10 Things Internet

It’s a trap! (How to avoid email fraud)

Web Watch knows many people who suffer from a daily deluge of spam email in their inbox.  It’s through no fault of their own – it has to do with their company email policies and the ease of guessing commonly spelled names at specific email domains.

Yes, we feel sorry for you, Ned Obody at the DMV.  Too bad you’re stuck with the email address of nobody@thedmv.goov as your email address.  (Note for anyone attempting to reach Mr Ned — Web Watch made that email address up, so the chances of it actually working are slim to none.)

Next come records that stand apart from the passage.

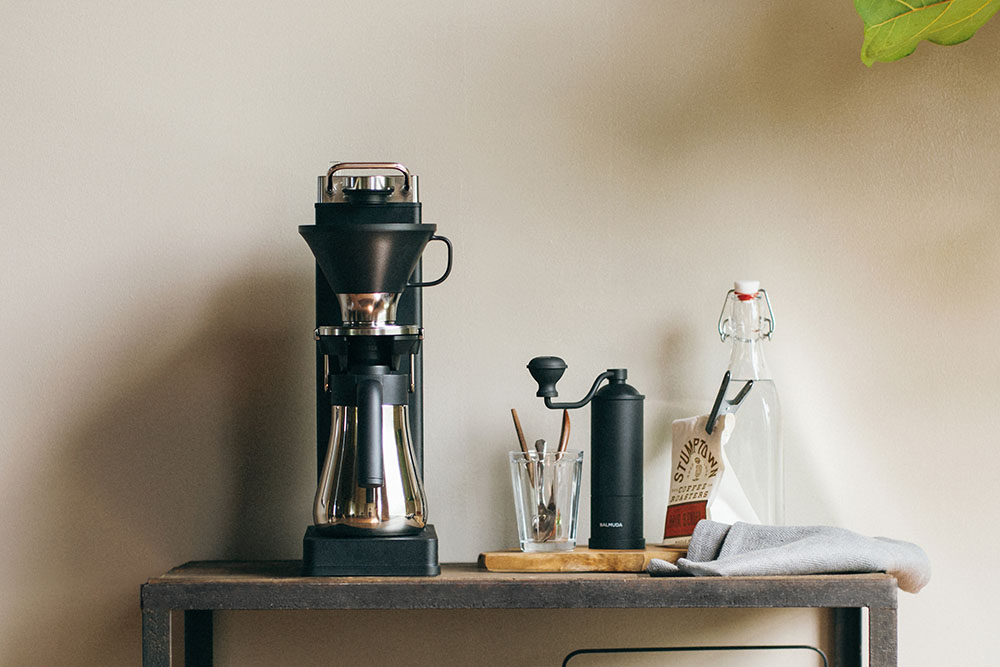 バルミューダからオールブラックの手挽きコーヒーミルが登場!! | GO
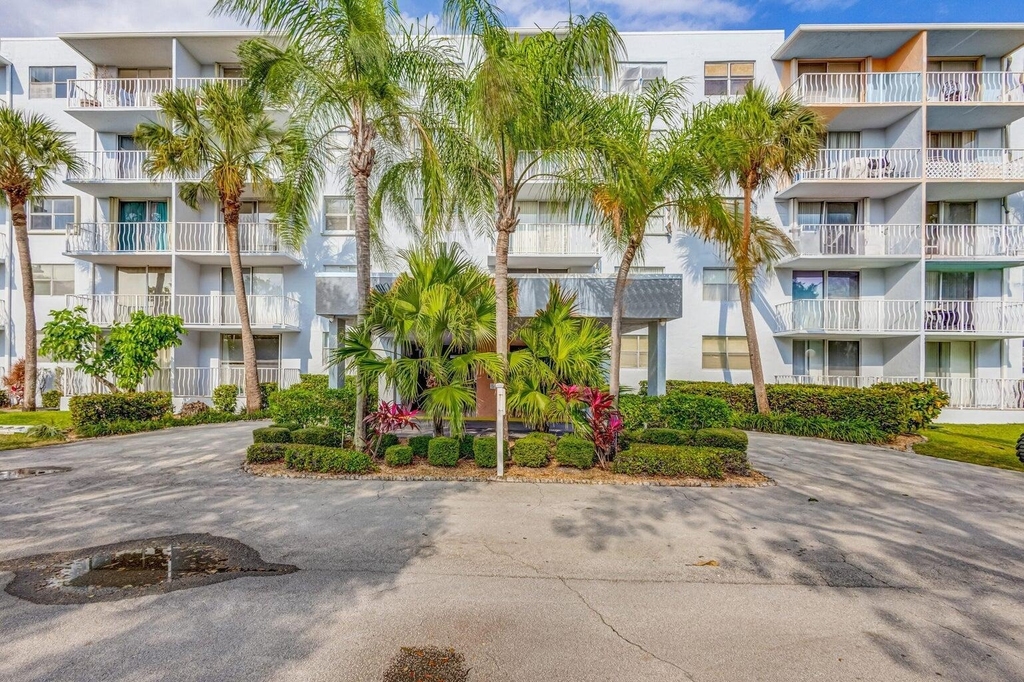 480 Executive Center Drive - Photo 0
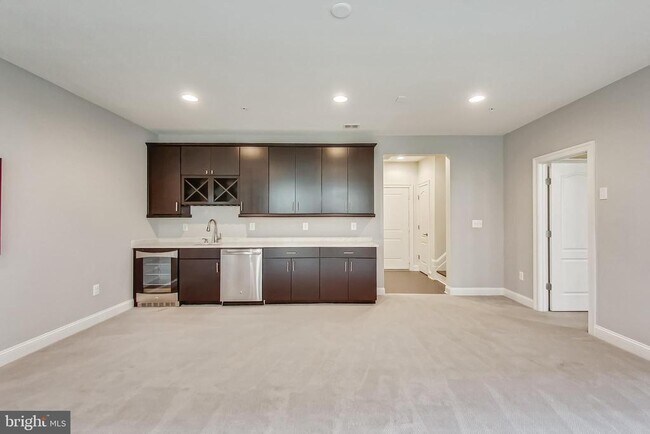 Building Photo - 605 Fair Winds Way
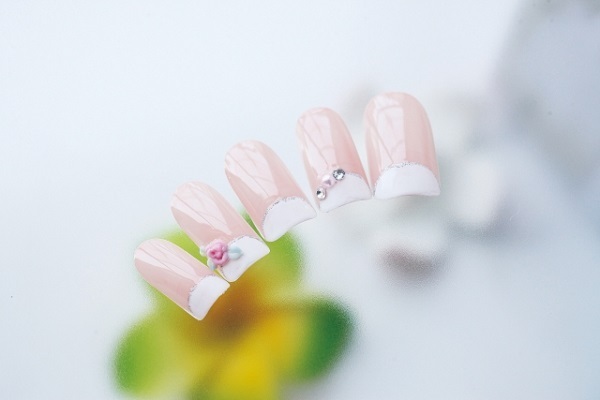 かわいいけど汚れやすい！？気を付けたいネイルデザインベスト3と注意点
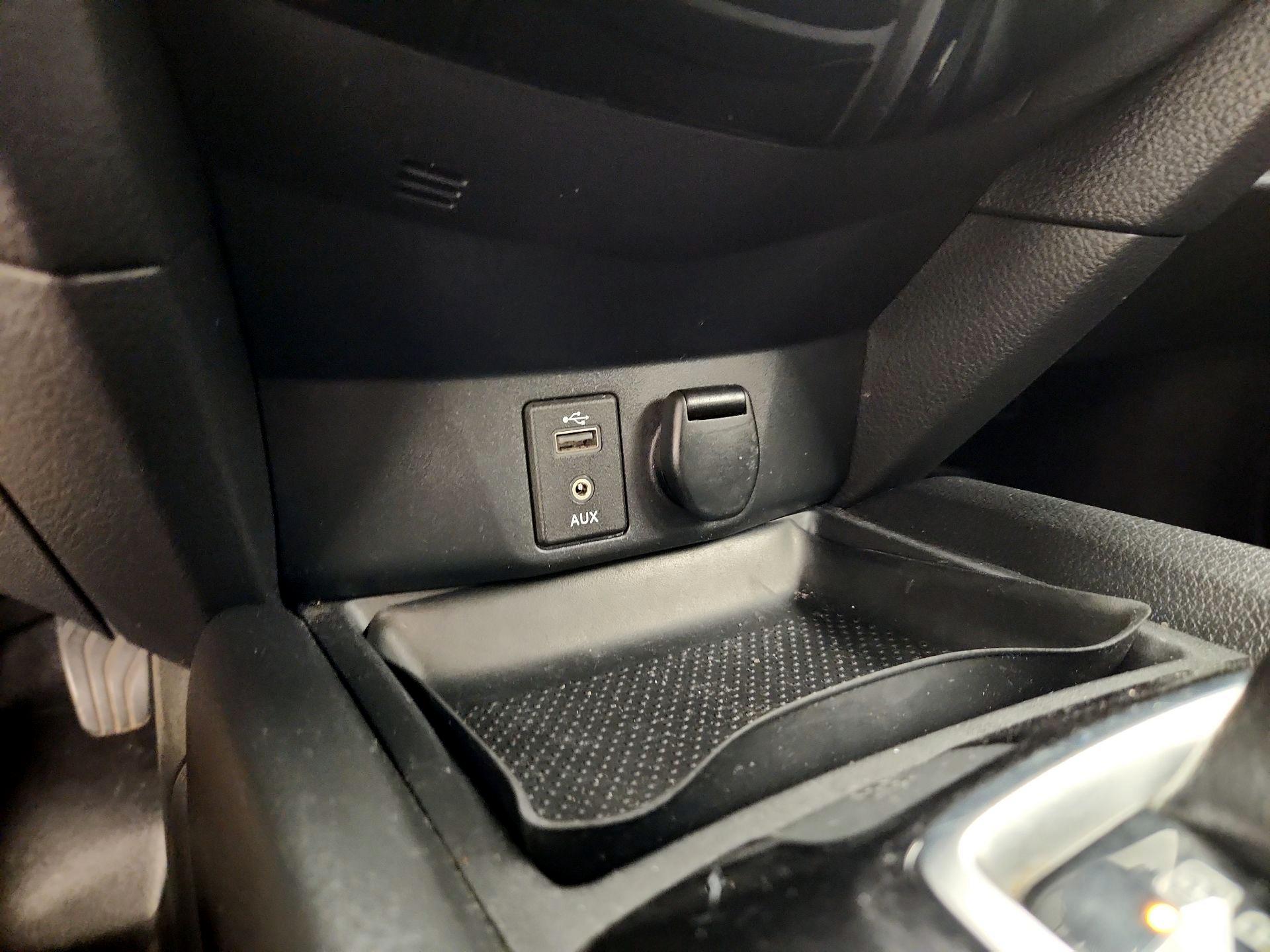 Thumbnail: 2017 Nissan Rogue - 18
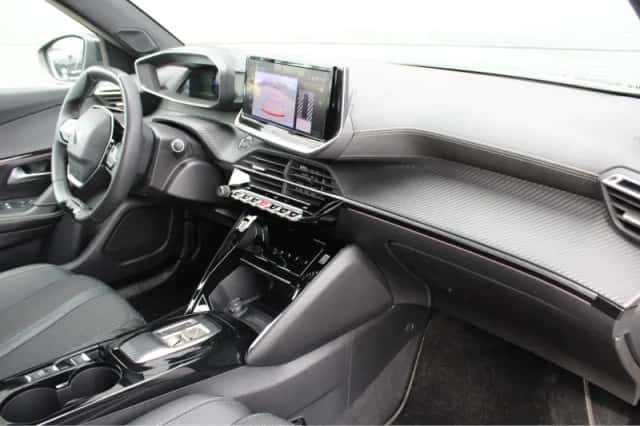Peugeot e-2008 (2024) thumbnail 3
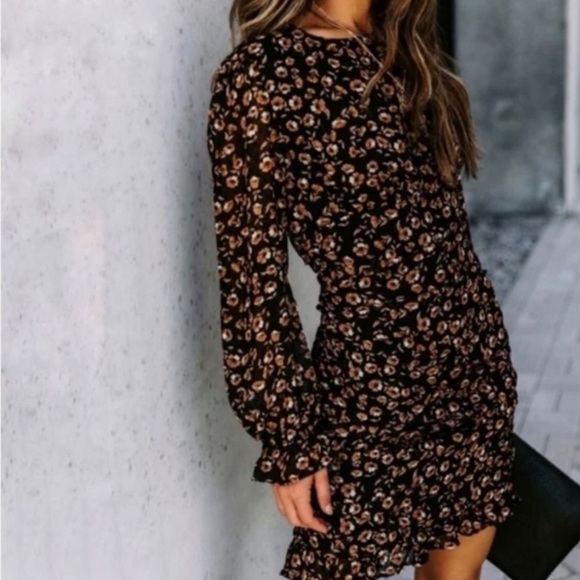 Storia Black Rouched Floral Mini Dress Long Sleeve Ruffles Size Small - Picture 2 of 8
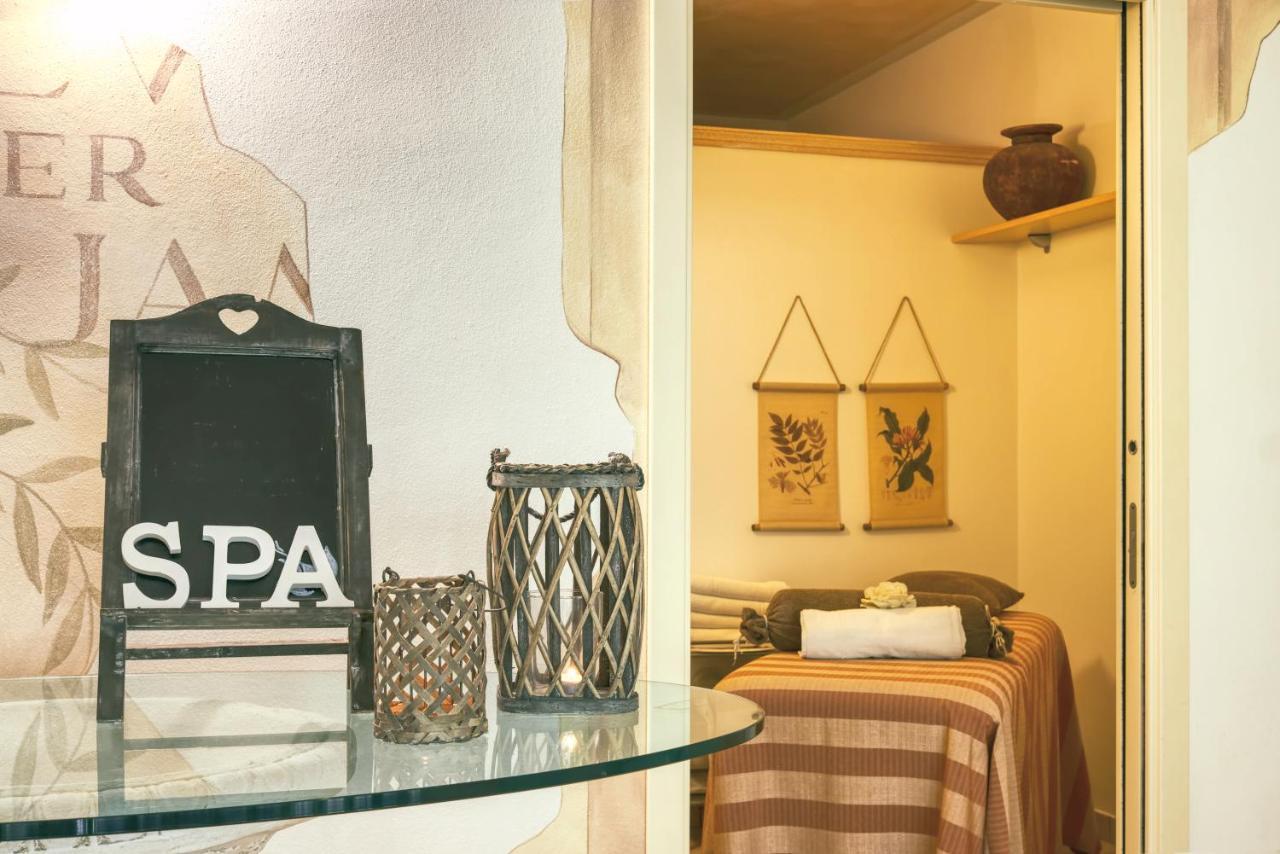 Hotel Caesar Residence & Spa Lido di Camaiore Luaran gambar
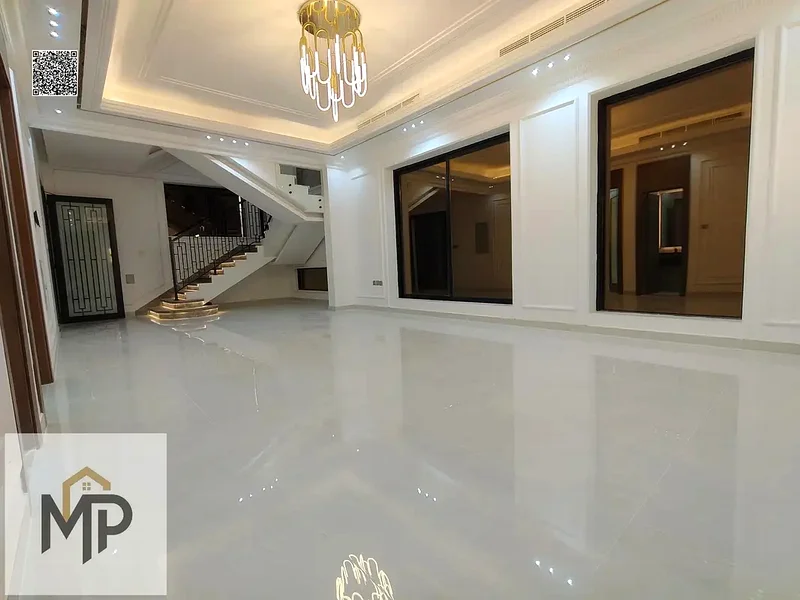 فيلا فاخرة بتصميم حديث في الهيليو، عجمان، 3 طوابق على شارع رئيسي مع مساحات واسعة بسعر ممتاز، متضمنة التسجيل63899002529410112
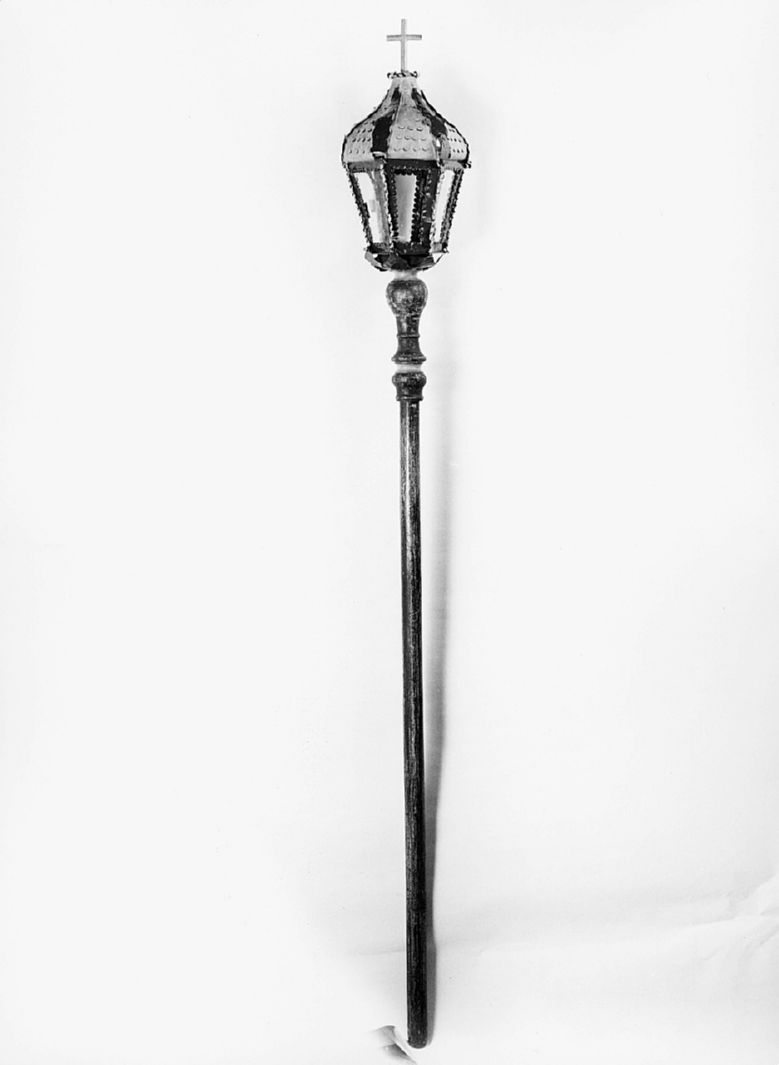 motivi decorativi geometrici e vegetali stilizzati (lanterna processionale, serie) - bottega toscana (sec. XIX)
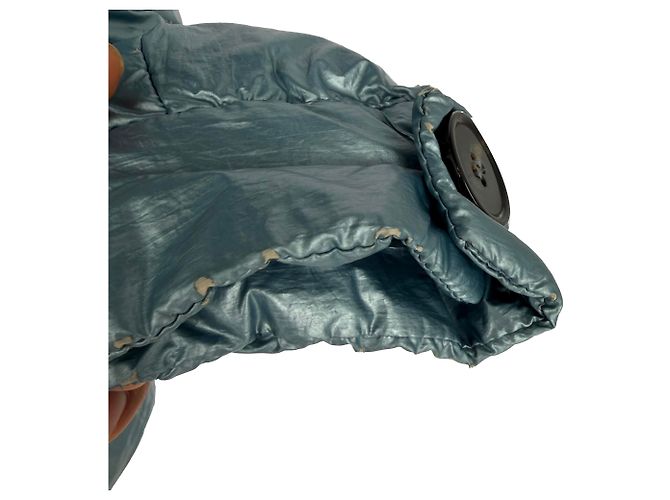 Chaqueta de plumón Prada con capucha de piel sintética en nailon azul claro - vista 7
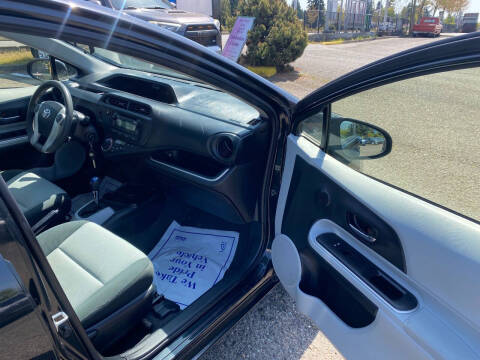 2014 Toyota Prius c Two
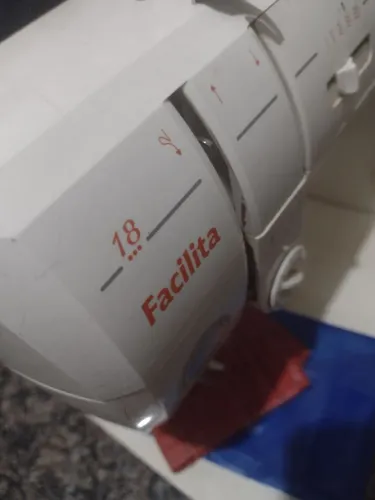 Máquina de custura
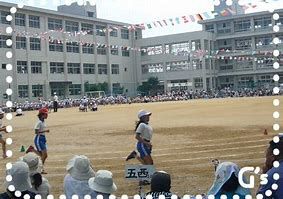 小学校　高浜小学校（小学校）まで445m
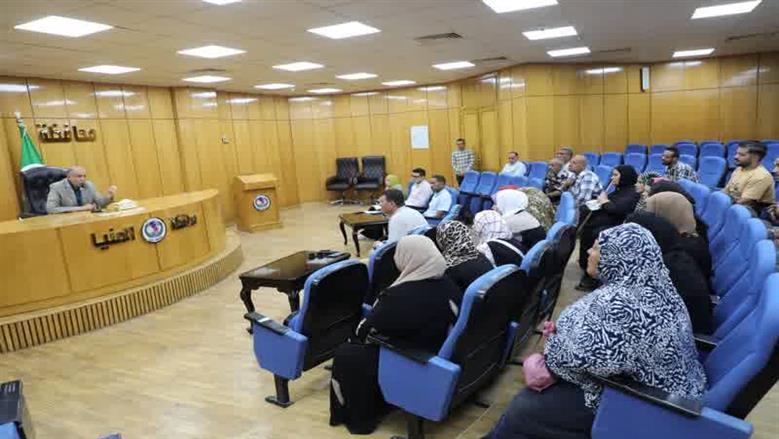 إخلاء عمارة آيلة للسقوط بمنطقة الحبشي بالمنيا.. سكن بديل ودعم مالي للمتضررين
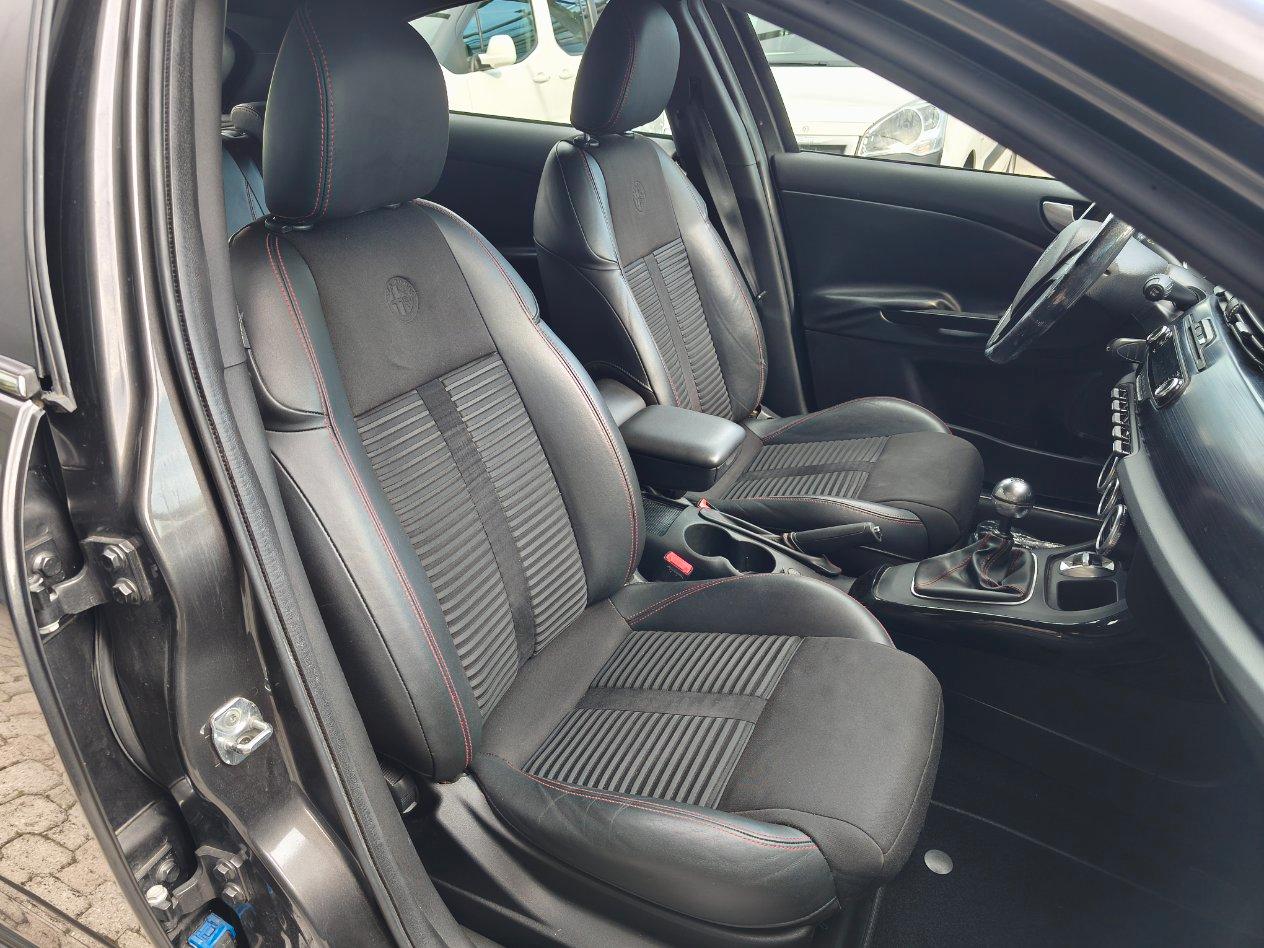 Alfa Romeo Giulietta 1.4 t. Distinctive 120cv OK NEOPATENTATI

Scamorama: Turning the Tables on Email Scammers
Scamorama: Turning the Tables on Email Scammers

But the only reason that scam emails are out there are because for every million emails that get sent out, it only takes one person to give in to the nonsense and send those scammers money.  That’s what makes it worthwhile to the scammer, and a pain in the butt for everyone else.

Just a reminder: don’t ever buy anything from an unsolicited email.  It’s that easy.

That’s the philosophy behind the ERNST & YOUNG’s FRAUD INVESTIGATION division, because they – in conjunction with the FBI – have compiled a list of the 15 MOST COMMONLY USED PHRASES in email fraud.

In other words, if you see any of the following  in some unsolicited/unwelcome piece of email, then chances are it’s a fraud and can be safely deleted.

  1. Cover up
  2. Write off
  3. Illegal
  4. Failed investment
  5. Nobody will find out
  6. Grey area
  7. They owe it to me
  8. Do not volunteer information
  9. Not ethical
  10. Off the books
  11. Backdate
  12. No inspection
  13. Pull earnings forward
  14. Special fees
  15. Friendly payments

All that being said, I do have a bridge in Brooklyn that I’d like to sell you.  You can take it as a write-off, and just pay this low special fee.  We can even negotiate a lower price if you’re willing to do it off the books.  Up to you, of course…

What, no takers?  Anyone?  Bueller?  Bueller?